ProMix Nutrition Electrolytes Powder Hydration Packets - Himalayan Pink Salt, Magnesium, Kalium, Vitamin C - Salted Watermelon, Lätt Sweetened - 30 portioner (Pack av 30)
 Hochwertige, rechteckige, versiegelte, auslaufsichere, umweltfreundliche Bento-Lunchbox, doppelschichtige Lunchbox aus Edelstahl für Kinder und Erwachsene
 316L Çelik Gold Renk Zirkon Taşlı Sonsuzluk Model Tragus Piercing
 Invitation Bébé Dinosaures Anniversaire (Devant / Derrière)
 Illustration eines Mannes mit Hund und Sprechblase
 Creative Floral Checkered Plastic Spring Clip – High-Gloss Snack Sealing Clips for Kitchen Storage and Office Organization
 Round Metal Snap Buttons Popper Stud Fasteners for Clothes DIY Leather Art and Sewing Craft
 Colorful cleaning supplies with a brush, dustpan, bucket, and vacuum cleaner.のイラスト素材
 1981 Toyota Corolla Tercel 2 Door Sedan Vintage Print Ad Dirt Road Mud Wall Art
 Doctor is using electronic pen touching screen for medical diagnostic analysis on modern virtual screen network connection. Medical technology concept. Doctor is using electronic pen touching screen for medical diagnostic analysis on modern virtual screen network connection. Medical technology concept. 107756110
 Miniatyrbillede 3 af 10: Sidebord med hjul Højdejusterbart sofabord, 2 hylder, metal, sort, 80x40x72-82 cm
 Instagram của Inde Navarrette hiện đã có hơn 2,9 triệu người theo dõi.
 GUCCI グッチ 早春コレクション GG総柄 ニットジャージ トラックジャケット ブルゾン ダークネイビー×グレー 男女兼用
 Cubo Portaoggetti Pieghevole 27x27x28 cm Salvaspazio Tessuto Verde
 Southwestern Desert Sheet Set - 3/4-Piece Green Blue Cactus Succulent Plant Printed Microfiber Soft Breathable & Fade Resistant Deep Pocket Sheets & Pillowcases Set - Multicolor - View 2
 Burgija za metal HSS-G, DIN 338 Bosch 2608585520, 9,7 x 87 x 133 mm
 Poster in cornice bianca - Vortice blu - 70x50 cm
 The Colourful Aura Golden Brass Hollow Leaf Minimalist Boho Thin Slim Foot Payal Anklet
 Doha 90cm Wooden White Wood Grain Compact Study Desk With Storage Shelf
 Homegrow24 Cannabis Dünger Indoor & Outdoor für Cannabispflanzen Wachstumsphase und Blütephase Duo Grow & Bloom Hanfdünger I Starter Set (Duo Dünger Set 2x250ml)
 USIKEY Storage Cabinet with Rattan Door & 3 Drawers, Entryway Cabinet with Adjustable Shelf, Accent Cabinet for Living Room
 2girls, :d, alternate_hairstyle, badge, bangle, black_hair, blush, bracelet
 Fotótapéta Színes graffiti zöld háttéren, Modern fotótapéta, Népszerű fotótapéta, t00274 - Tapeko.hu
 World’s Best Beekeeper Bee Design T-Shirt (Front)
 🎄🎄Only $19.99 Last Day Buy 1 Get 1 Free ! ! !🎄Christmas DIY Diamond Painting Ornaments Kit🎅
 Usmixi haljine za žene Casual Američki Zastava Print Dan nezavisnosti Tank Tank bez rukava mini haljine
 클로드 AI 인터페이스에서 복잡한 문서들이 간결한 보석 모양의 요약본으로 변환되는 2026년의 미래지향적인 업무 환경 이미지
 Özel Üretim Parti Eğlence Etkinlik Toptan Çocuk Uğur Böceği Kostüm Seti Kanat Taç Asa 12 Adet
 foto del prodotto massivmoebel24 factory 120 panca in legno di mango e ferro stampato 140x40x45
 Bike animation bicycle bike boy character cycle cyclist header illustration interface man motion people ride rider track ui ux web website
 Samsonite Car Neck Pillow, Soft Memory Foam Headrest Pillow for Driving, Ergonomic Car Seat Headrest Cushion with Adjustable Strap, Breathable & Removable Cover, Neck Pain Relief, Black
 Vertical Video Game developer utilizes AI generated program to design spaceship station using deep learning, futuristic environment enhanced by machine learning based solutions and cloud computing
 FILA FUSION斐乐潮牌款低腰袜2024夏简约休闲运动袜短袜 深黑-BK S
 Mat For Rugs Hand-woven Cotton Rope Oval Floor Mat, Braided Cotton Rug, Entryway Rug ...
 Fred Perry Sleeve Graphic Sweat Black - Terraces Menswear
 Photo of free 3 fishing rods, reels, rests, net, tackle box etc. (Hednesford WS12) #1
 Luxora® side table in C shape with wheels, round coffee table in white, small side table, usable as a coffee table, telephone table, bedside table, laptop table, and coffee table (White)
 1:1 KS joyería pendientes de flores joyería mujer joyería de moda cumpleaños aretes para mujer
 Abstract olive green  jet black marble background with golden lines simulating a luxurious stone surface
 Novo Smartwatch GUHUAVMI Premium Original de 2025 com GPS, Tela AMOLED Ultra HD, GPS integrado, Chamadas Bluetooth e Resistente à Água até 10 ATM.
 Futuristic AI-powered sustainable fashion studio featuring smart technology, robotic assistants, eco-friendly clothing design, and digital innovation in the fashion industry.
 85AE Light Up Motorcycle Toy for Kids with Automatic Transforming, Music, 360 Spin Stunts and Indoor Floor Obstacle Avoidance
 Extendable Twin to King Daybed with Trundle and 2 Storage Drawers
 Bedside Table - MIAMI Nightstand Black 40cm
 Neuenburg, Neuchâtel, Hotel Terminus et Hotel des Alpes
──────
Please print the lines from the one containing "1:1 KS joyería" through the last line of the material, exactly, and leave out all other lines.

*EXERCISE OUTPUT*
 1:1 KS joyería pendientes de flores joyería mujer joyería de moda cumpleaños aretes para mujer
 Abstract olive green  jet black marble background with golden lines simulating a luxurious stone surface
 Novo Smartwatch GUHUAVMI Premium Original de 2025 com GPS, Tela AMOLED Ultra HD, GPS integrado, Chamadas Bluetooth e Resistente à Água até 10 ATM.
 Futuristic AI-powered sustainable fashion studio featuring smart technology, robotic assistants, eco-friendly clothing design, and digital innovation in the fashion industry.
 85AE Light Up Motorcycle Toy for Kids with Automatic Transforming, Music, 360 Spin Stunts and Indoor Floor Obstacle Avoidance
 Extendable Twin to King Daybed with Trundle and 2 Storage Drawers
 Bedside Table - MIAMI Nightstand Black 40cm
 Neuenburg, Neuchâtel, Hotel Terminus et Hotel des Alpes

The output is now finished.